[Information supplied — start]
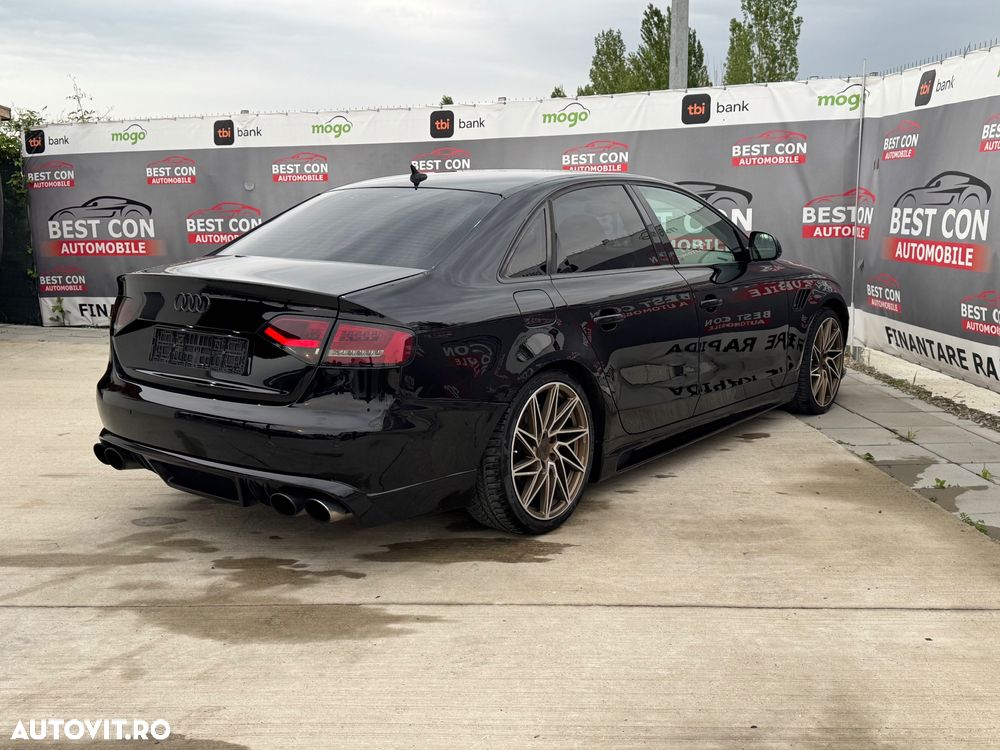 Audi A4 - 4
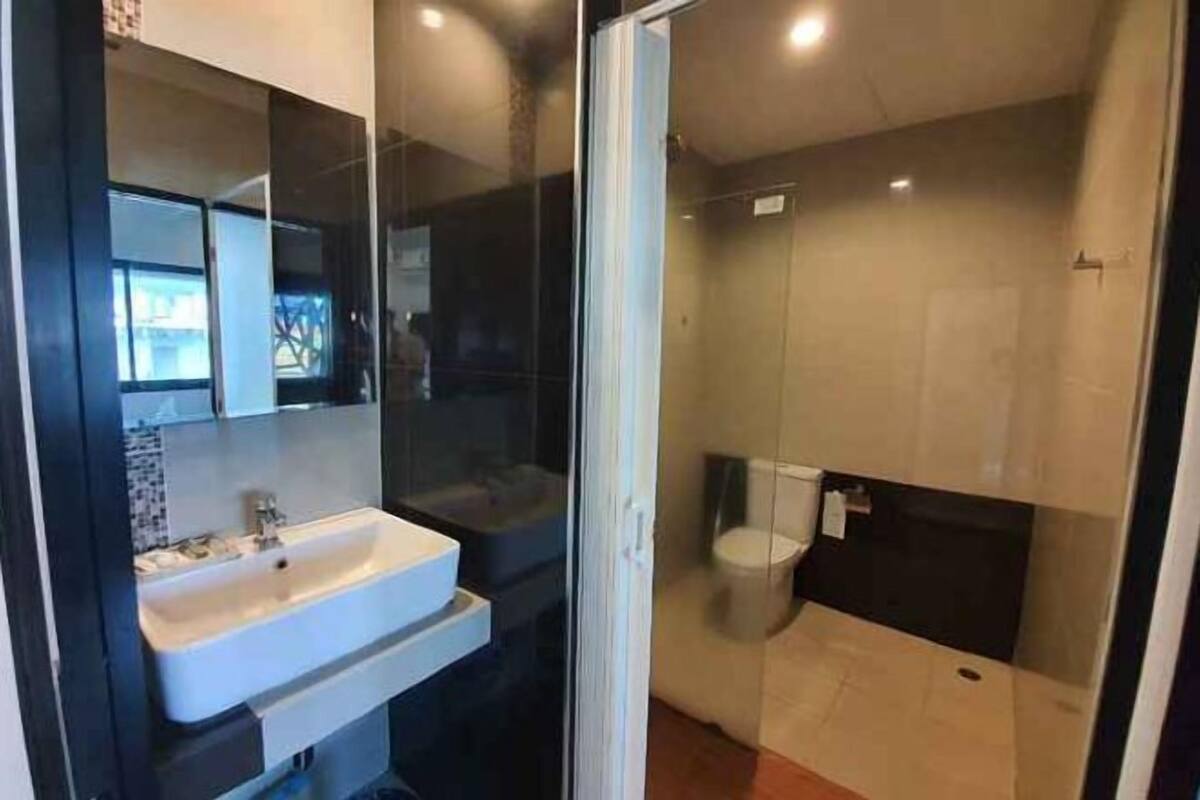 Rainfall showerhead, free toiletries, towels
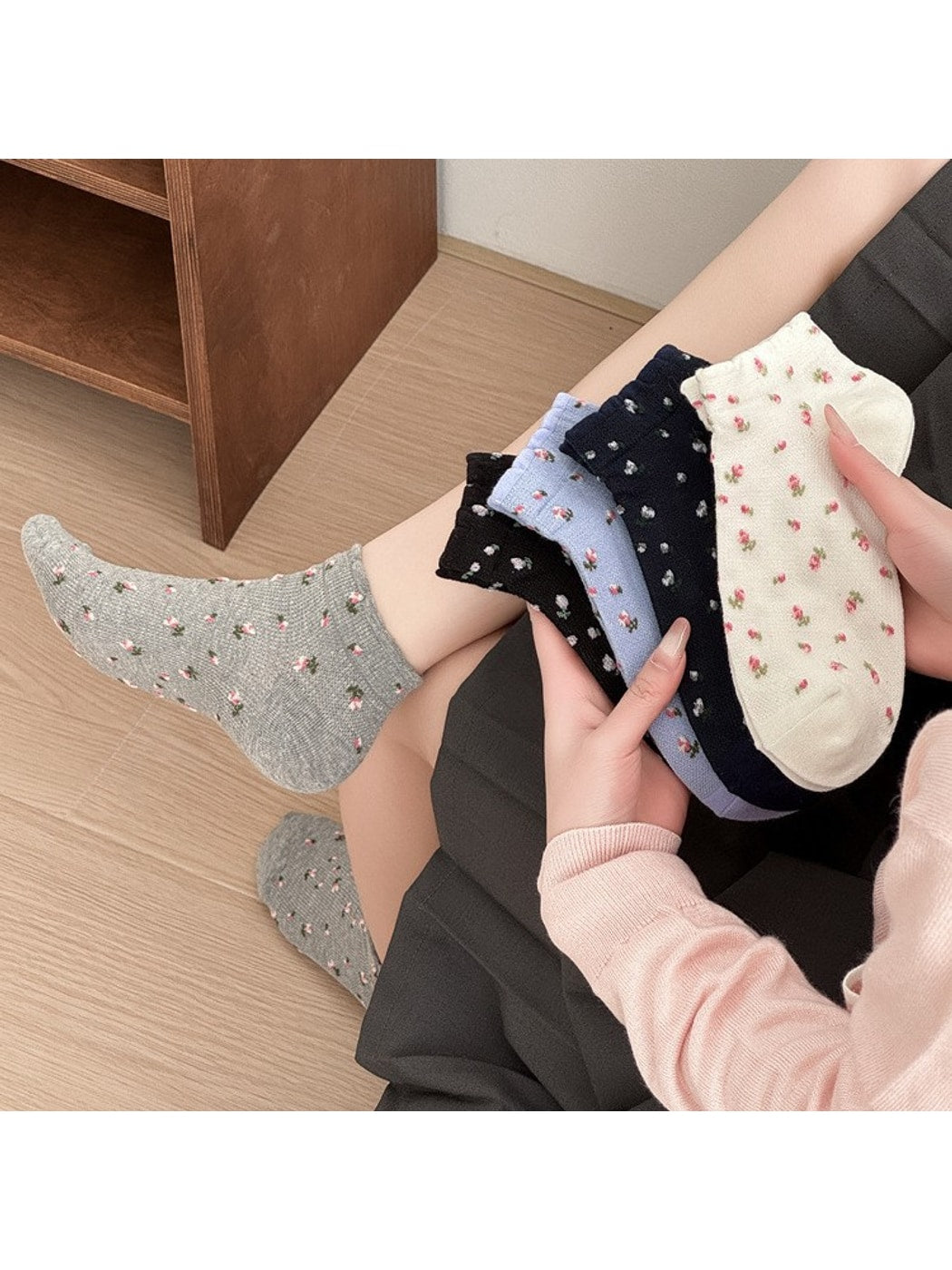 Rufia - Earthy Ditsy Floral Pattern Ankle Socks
[Information supplied — finish]
» **Work instructions**
What is needed is every line from the one with "Rainfall showerhead, free toiletries, towels" to the final line of the listing above, set down exactly and with the pictures left out.

» **Task solution**
 Rainfall showerhead, free toiletries, towels
 Rufia - Earthy Ditsy Floral Pattern Ankle Socks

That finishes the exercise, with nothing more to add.